A busca pelo abono da falta se dá por dois motivos: além da tentativa de evitar um desgaste de imagem pública: caso não seja justificada, a ausência resulta em desconto no salário e, se superar mais de um terço das sessões do ano, redunda em cassação de mandato.
"As possibilidades de justificar o abono são grandes, muitos amplas, totais. É só dizer que você está em missão oficial que resolve. Não se pode criar aqui uma indústria do abono", diz o deputado Chico Alencar (PSOL-RJ), que figura entre os mais assíduos da Casa.
O ranking das 37,5 mil supostas missões mostra que o deputado que mais recorreu a ela nos últimos quatro anos foi Geddel Vieira Lima (PMDB-BA), um dos principais nomes lançados na disputa pela presidência da Câmara.
Foram 228 justificativas de falta sob esse argumento, o que representa 40% de todas as sessões do período. Geddel se beneficiou, durante boa parte do tempo, de um ato que privilegia os sete integrantes da Mesa, os quatro suplentes, os líderes partidários e os presidentes de partidos: eles têm suas faltas abonadas automaticamente. O motivo: "missão oficial autorizada". Em março deste ano, o presidente da Câmara, Aldo Rebelo (PC do B-SP), estendeu a regalia a todos os 20 presidentes das comissões permanentes da Casa. "Eles disseram que precisam viajar, se ausentar para audiências públicas, visitas, por isso queriam o mesmo status dos líderes", justifica Aldo.
As sessões de votação na Câmara ocorrem, na maioria das vezes, nas tardes e noites das terças-feiras, nas quartas e nas manhãs das quintas. Nos outros períodos, há, quando muito, sessões de discussão em que não é registrada freqüência.

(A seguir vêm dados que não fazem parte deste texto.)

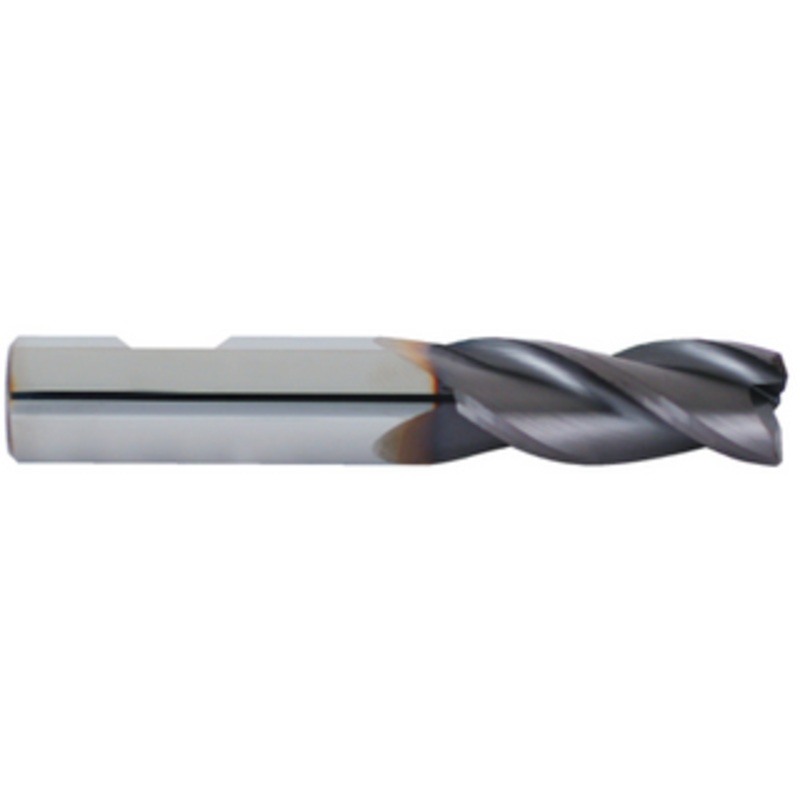 Niagara Cutter ELITE Series 3 Flute Solid Carbide AlTiN Coated Single End Mill, 3/8 Size & Shank Dia., 1/2 Length of Cut, .015-.020 Corner Radius, 2 Overall Length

"Esse mecanismo deveria existir, mas de forma mais rígida. Só abonar os verdadeiros casos de missão oficial. Eu mesmo justifiquei, sem maiores problemas, porque todo mundo está fazendo isso", diz o primeiro-secretário da Câmara, Inocêncio Oliveira (PR-PE).

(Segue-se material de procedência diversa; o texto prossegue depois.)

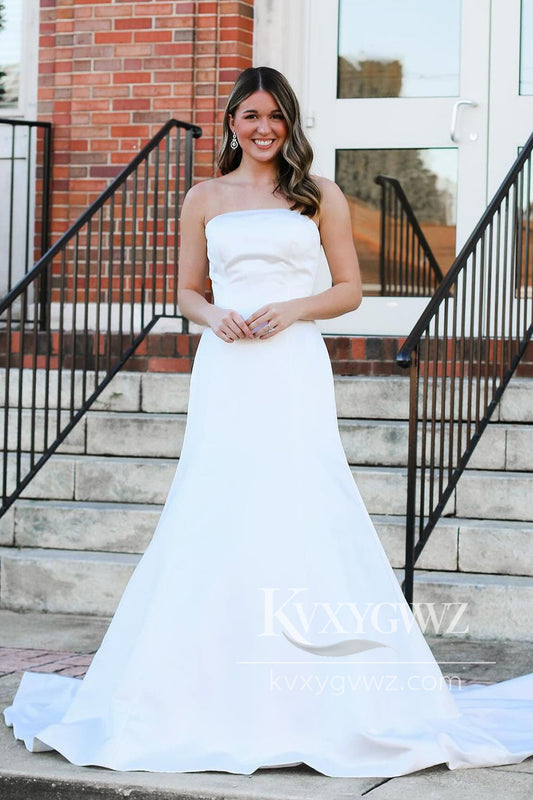 Graceful Sheath White Satin Wedding Dresses Gown with Bow HS853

Dos três deputados que comandaram a Câmara nesta legislatura, Severino Cavalcanti (PP-PE), popularizado por seu bom trânsito entre os deputados de pouca expressão, foi o que mais concedeu abonos, em média: 1.143 por mês.
Luciano Castro (RR), líder da bancada do PR (Partido da República, resultante da fusão do PL com o Prona), dá um exemplo do que ele acata como "missão oficial autorizada":
"A falta tem que ser justificável para ser abonada. Na época das eleições, havia muito compromisso dos parlamentares em suas bases: era convenção partidária, articulação, aliança que ele fazia às pressas, município por município. O sujeito tem que andar o Estado todo."
Os dados colhidos pela Folha mostram que, em média, havia 66 deputados em "missão oficial" a cada sessão. Houve épocas de pico, entretanto.
Como na quinta-feira anterior ao Carnaval de 2003, logo no início da Legislatura: segundo os registros, havia 154 deputados, 30% da Câmara, em "missão oficial autorizada". Nas três sessões anteriores ao feriado de Tiradentes do ano seguinte, a média dos "em missão" subiu para 202 por sessão. Mas o auge, em 2004, aconteceu na sessão do dia 29 de junho, período coincidente com as festas juninas no Norte e Nordeste: 264, pouco mais da metade da Câmara. O ano foi encerrado com uma frustrada sessão em 22 de dezembro, três dias antes do Natal: 220 faltaram sob o argumento de participação em "missão oficial".
O deputado Wagner Lago (PDT-MA) vocaliza o argumento dos que defendem o abono sob a alegação de que o contato com as bases, seja em época de São João ou não, faz parte das responsabilidades do congressista. "O deputado está sempre tratando de política, mesmo quando está em festa."